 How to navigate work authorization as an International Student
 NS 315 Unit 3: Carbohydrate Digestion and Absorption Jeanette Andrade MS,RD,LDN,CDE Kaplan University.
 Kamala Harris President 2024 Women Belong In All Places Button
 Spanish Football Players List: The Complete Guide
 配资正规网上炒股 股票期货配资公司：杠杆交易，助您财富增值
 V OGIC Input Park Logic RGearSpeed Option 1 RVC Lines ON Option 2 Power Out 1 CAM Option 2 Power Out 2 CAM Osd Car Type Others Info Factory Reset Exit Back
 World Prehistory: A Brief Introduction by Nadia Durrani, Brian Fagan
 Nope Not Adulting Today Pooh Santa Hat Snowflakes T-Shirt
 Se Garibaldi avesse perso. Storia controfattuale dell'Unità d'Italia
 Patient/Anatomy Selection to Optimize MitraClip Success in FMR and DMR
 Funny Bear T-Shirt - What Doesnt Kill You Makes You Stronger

...

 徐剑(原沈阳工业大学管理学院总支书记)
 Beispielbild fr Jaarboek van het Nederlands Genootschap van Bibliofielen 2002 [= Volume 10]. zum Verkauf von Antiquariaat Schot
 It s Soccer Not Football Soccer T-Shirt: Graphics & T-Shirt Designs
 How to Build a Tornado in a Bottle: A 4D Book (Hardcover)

### Action item
Only the lines above starting at the one containing "Nope Not Adulting" and ending at the one containing "Funny Bear T-Shirt", both included, are to be returned, exactly as they read.

### Solution to the exercise
 Nope Not Adulting Today Pooh Santa Hat Snowflakes T-Shirt
 Se Garibaldi avesse perso. Storia controfattuale dell'Unità d'Italia
 Patient/Anatomy Selection to Optimize MitraClip Success in FMR and DMR
 Funny Bear T-Shirt - What Doesnt Kill You Makes You Stronger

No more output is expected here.